Rapid pressure changes can occur in several situations:

• If a portable safety instrument is placed in the trunk of the car and the lid is closed then the instrument will see a temporary positive pressure change.

• If a miner descends rapidly into a deep mine, the gas detector will see a rapid positive pressure pulse.

• If a technician or operator passes through an airlock then the gas detector will respond to a positive or negative pressure pulse.

• Hand aspirated or pumped samplers cause positive or negative pressure pulses. Although mass flow controlled oxygen sensors show transient behavior due to pressure pulses, good design and validation of the pressure pulse effect can minimize this problem.

Positive and Negative Pressures:

A positive change in pressure leads to an almost instantaneous increase in the output from the oxygen sensor, decaying in a shape reminiscent of discharge of a capacitor. Negative pulses also show the same characteristic but are much smaller in magnitude and most alarms occur from positive pressure pulses.

Characteristics of a Positive Pressure Pulse:

A positive pressure pulse can be characterized by two parameters:

• Pulse peak height

• Time spent above 23% oxygen, which is a typical alarm level; this parameter assists designers in defining permissible time windows for ignoring pressure pulses. This time is specified for near-instantaneous pressure changes, but some applications create a ramped pressure step, such as a descent into a coal mine.

• Time spent above 23% oxygen, which is a typical alarm level; this parameter assists designers in defining permissible time windows for ignoring pressure pulses. This time is specified for near-instantaneous pressure changes, but some applications create a ramped pressure step, such as a descent into a coal mine.

Oxygen Sensors and Transient Pressure Behavior:

These characteristics listed below can help customers to design the system to minimize alarms due to pressure changes.

1. Peak height is linearly dependent on the magnitude of the pressure change, for pressure pulses or steps up to 2 bar. Above 2 bar, peak height sensitivity is reduced.

2. Pressure changes less than 2kPa can be ignored.

3. The time in alarm (i.e., a reading greater than 23% oxygen) increases linearly with the magnitude of the pressure change.

4. Positive pressure changes cause peaks that have a peak height typically three times greater than troughs from negative pressure changes.

5. You should quantify the magnitude and rate of pressure changes for your applications in order to determine alarm time windows and expected peak heights.

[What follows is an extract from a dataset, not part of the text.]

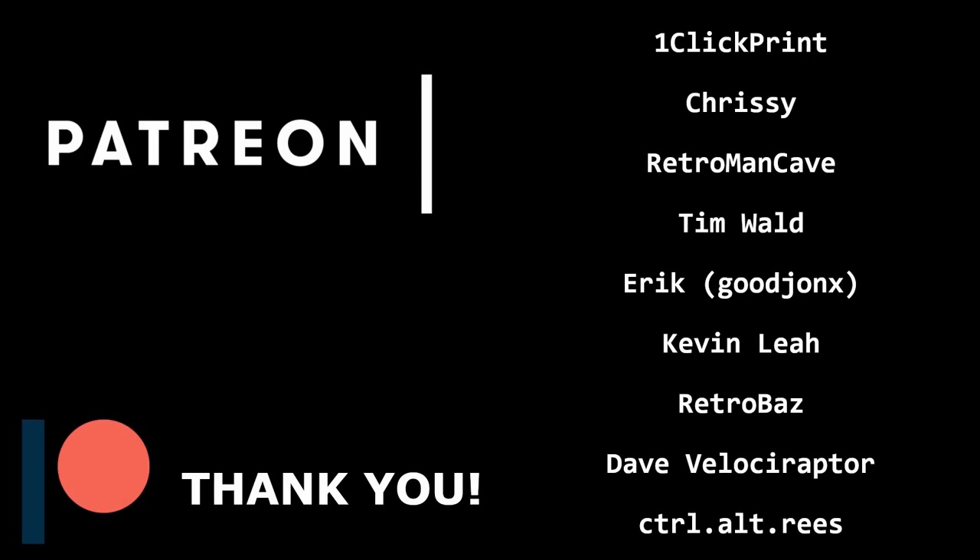You can support Retro Recollections on Patreon, just like these wonderful folks. Thank you for your support.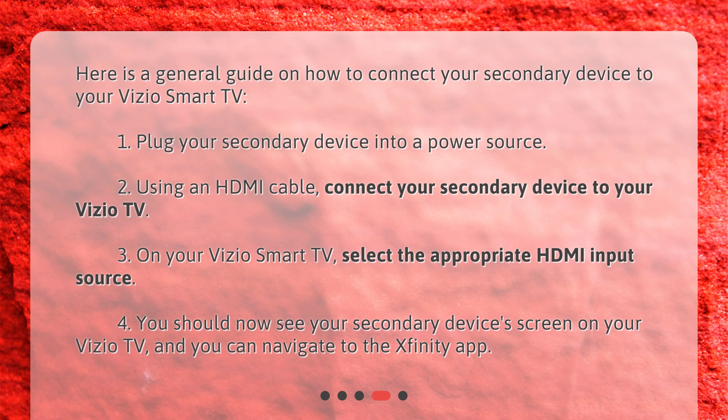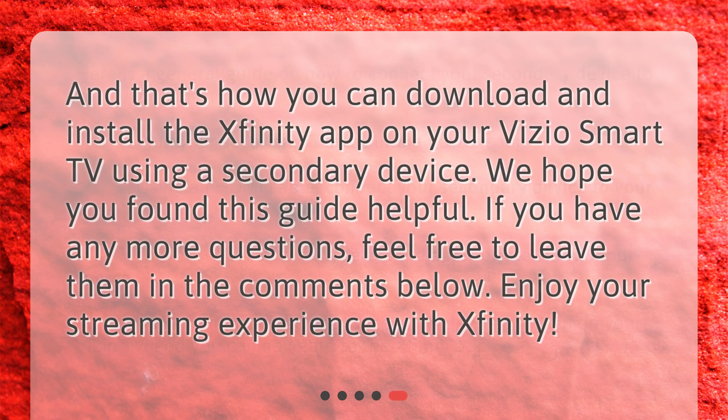4. You should now see your secondary device's screen on your Vizio TV, and you can navigate to the Xfinity app. And that's how you can download and install the Xfinity app on your Vizio Smart TV using a secondary device. We hope you found this guide helpful. If you have any more questions, feel free to leave them in the comments below. Enjoy your streaming experience with Xfinity.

6. Pressure changes are usually very fast (except for descents into mines) - much faster than any expected change in oxygen concentration. This allows software intervention to determine whether a sensor output transient is due to a true oxygen change or a pressure change.

7. Sensors with higher output are less sensitive to pressure changes: the O2-A1 has the smallest peak height and the O2-A3 has the largest peak height.